- _PROBLEM TO WORK ON_
Set each line of the material below down word for word, from the first through the line that holds "Ehanire tasks new", but not the pictures.

- _DATA PROVIDED_
━━━━━━━━━━━━━━━━━━━━━━━━━━━━━━

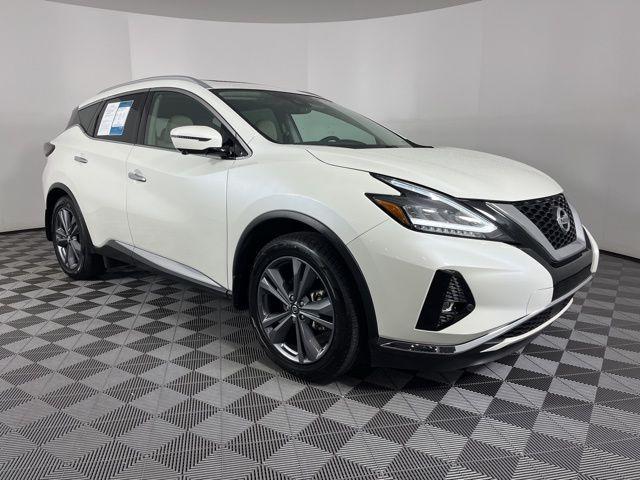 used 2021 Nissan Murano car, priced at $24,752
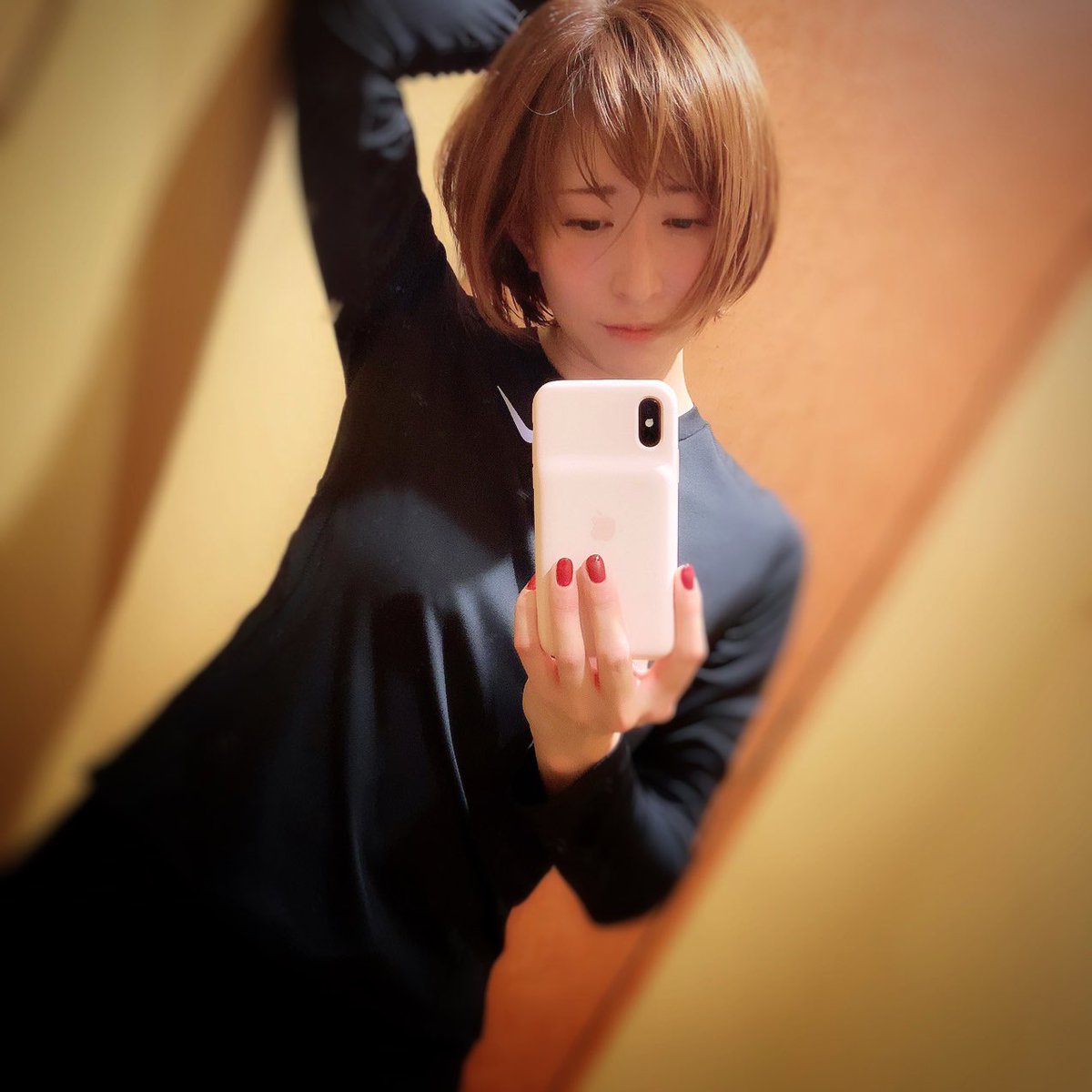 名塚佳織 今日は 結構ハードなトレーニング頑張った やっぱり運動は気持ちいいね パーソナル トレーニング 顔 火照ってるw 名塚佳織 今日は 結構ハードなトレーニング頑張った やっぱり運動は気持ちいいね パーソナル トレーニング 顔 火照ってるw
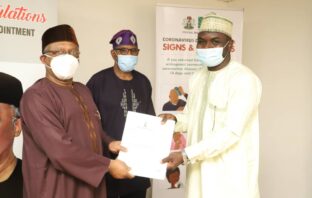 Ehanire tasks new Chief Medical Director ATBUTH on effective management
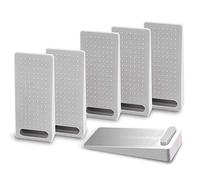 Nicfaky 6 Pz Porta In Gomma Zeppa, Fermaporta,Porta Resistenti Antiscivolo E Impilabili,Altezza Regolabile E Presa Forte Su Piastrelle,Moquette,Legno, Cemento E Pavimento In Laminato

━━━━━━━━━━━━━━━━━━━━━━━━━━━━━━

- _SOLUTION FOR THIS EXERCISE_
 used 2021 Nissan Murano car, priced at $24,752
 名塚佳織 今日は 結構ハードなトレーニング頑張った やっぱり運動は気持ちいいね パーソナル トレーニング 顔 火照ってるw 名塚佳織 今日は 結構ハードなトレーニング頑張った やっぱり運動は気持ちいいね パーソナル トレーニング 顔 火照ってるw
 Ehanire tasks new Chief Medical Director ATBUTH on effective management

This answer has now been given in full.